The Leeds medieval centre is Britain's largest: it boasts 38 staff and 60-70 students from 16 humanities departments, plus 14 medieval studies MA students. From this autumn a new PhD programme will teach palaeontology, medieval Latin, Hebrew and Greek - crucial tools for students of the period. Medieval studies finally seems to be emerging from its own Dark Ages.

THE MEDIEVAL REVOLUTIONARY

"Oh, but I don't like to be immodest," protests Maurice Beresford, the man who revolutionised archaeological study of the medieval period. "I'm just the pistol that started it all off." In a keynote lecture at Leeds next Tuesday, the 78-year-old emeritus professor of economic history will recall how a stroll in the Yorkshire countryside in the summer of 1948 led to the realisation that there were more than a handful of medieval villages scattered about the country. There are, in fact, remains of 3,000.
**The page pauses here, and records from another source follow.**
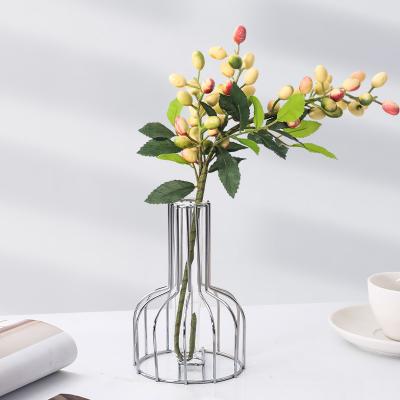 China Nordic Small Glass Vases Nordic Glass Flower Vase With Metal Stand Holder Flower Stand Metal Geometric Vase For Home Decoration for sale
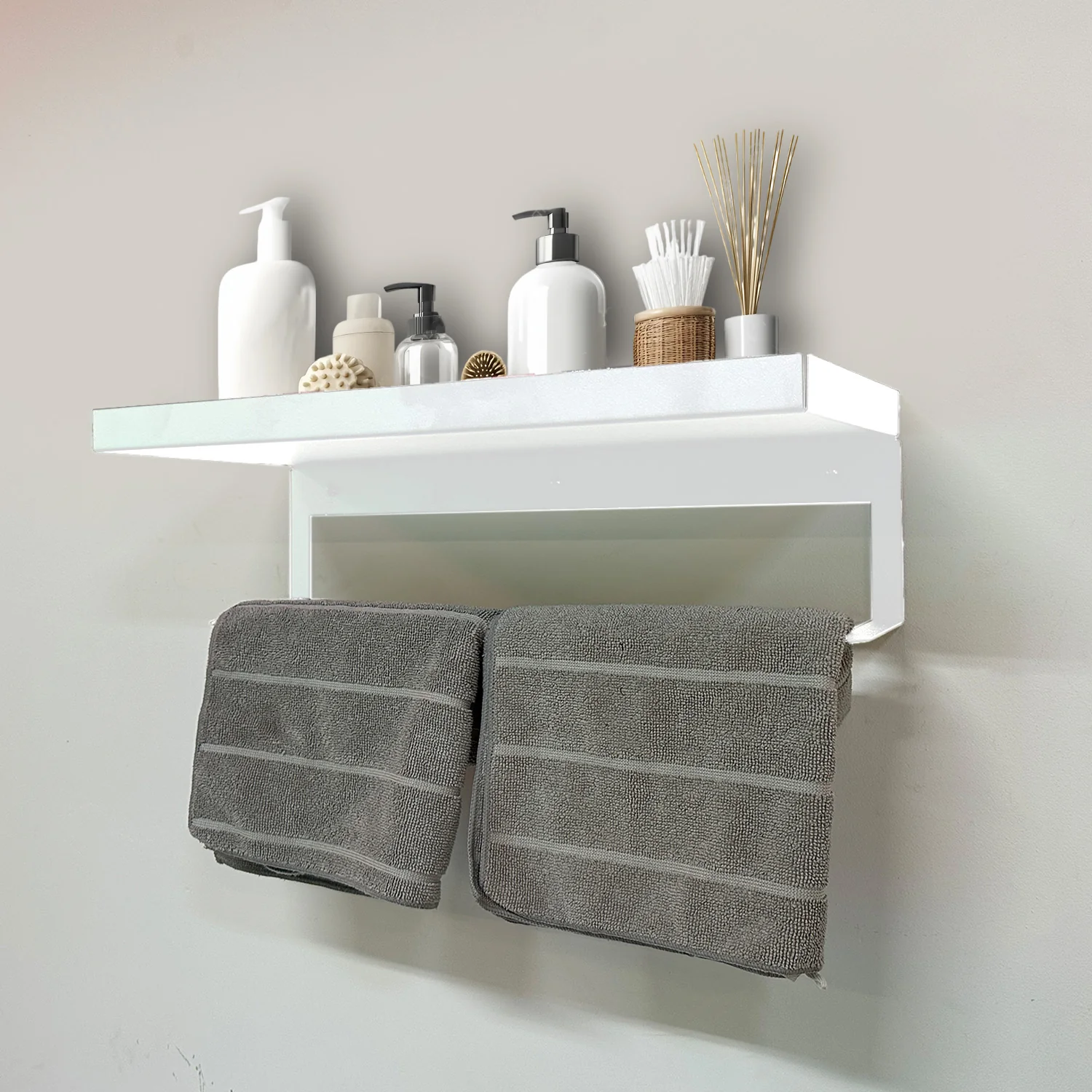 Okunaii™ Large Wall Mount Bathroom Shelf with Towel Hanging Rack - Image 10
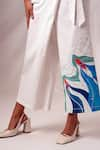 Madder Much_White 100% Cotton Twill Embroidery Sequin U Neck Ruben Wave Top Pant Set _Online_at_Aza_Fashions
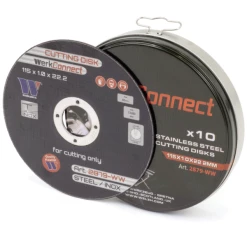 Welzh Werkzeug 10x Cutting Discs For Stainless Steel 115 X 1.0 X 2.2 Mm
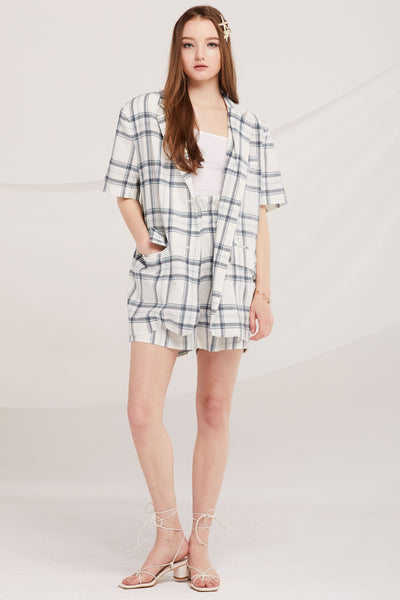 Elliot Paperbag Waist Plaid Shorts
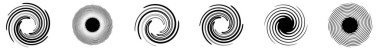 Spiral, girdap, girdap şeklindeki element vektörü ayarlandı. Stock vektör illüstrasyonu, klip- art grafikleri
Dr Beresford was then 28 and an amateur archaeologist. Recently released RAF aerial photographs led him to discover the faint outlines of Wharram Percy, near Malton in Yorkshire and now an English Heritage site. He and his team explored the site every July for 40 years, building up a wealth of information about the village and developing new archaeological techniques. But he still refuses to blow his own trumpet. "I like the open air. I met some very nice people and we all grew up together. I hobbled over the site with a stick the other day. I'm just sorry I'm not 20 years younger."

THE YORK MYSTERY PLAYS

The streets of York will shut on Sunday for the first performance of the Mystery Plays by the guilds since 1569 (guilds are associations of craftsmen or merchants dating back to the Middle Ages). Leeds delegates are invited to watch at stations along the route as 11 plays telling the story of the Bible from Creation to Doomsday are performed on wagons.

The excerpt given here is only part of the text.